Sara Medrano was living in Romania with the parents of her partner, together with her 4-year-old daughter and a new-born baby, when she was arrested through a European Arrest Warrant (EAW), issued by Alicante Provincial Court in Spain.
Sara’s lawyer spent a considerable amount of time requesting the Spanish court to reconsider the possibility of withdrawing the EAW and authorizing her to voluntarily return to Spain by her own means for the trial. However, the court ignored their requests, Sara said.
Surrender took place on 8 April 2016 and the Alicante Court maintained pre-trial detention until the date of the trial scheduled for 1 June 2016. The trial was held via videoconference with Alicante from prison in Aranjuez, Madrid, where Sara was imprisoned with her baby, and she accepted the guilty judgment.
Pre-trial detention is supposed to be a measure of last resort. Clearly there were other alternative measures to pre-trial detention in view of the minimal flight risk with a six-month-old baby and a four-year-old daughter staying with grandparents in Alicante.
Sara said: “I was very worried about my daughter, who had never been separated from me. I did not see her while I was in prison.

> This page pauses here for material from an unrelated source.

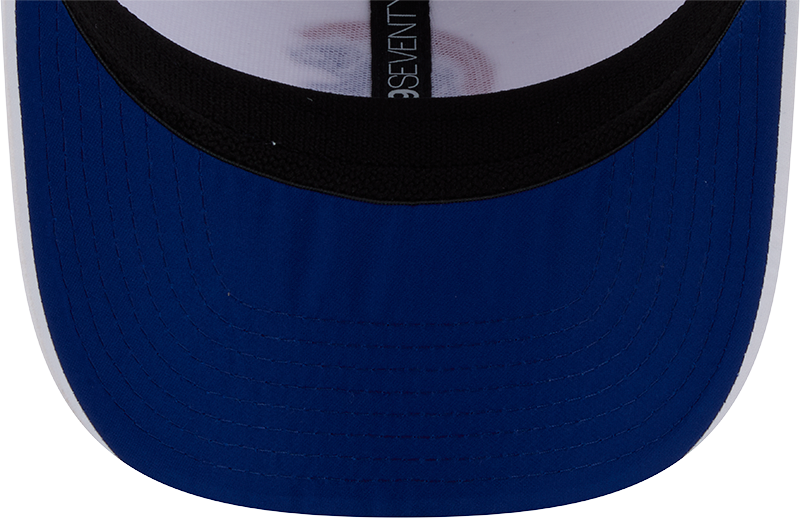 Chicago Cubs New Era White Sport Rope 9SEVENTY Stretch Snap Adjustable Hat-Walking Bear Official Team Hat Sports Fan Cap Official NFL Team Hat Football Fan Cap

My parents came to see me once in prison; travelling from Alicante was a major issue for them.”
But from the information obtained during Fair Trials’ research, there is no record of Spanish courts trying to obtain an interview through other cooperation channels, prior to taking the European Arrest Warrant route.
Despite being justified by her family situation and the fact that she was perfectly located, on supervised release ordered by the competent Romanian authority, the Spanish court issuing the EAW was unreceptive to the lawyer’s request for the EAW to be cancelled and for Sara to travel to Spain voluntarily within a term of one month.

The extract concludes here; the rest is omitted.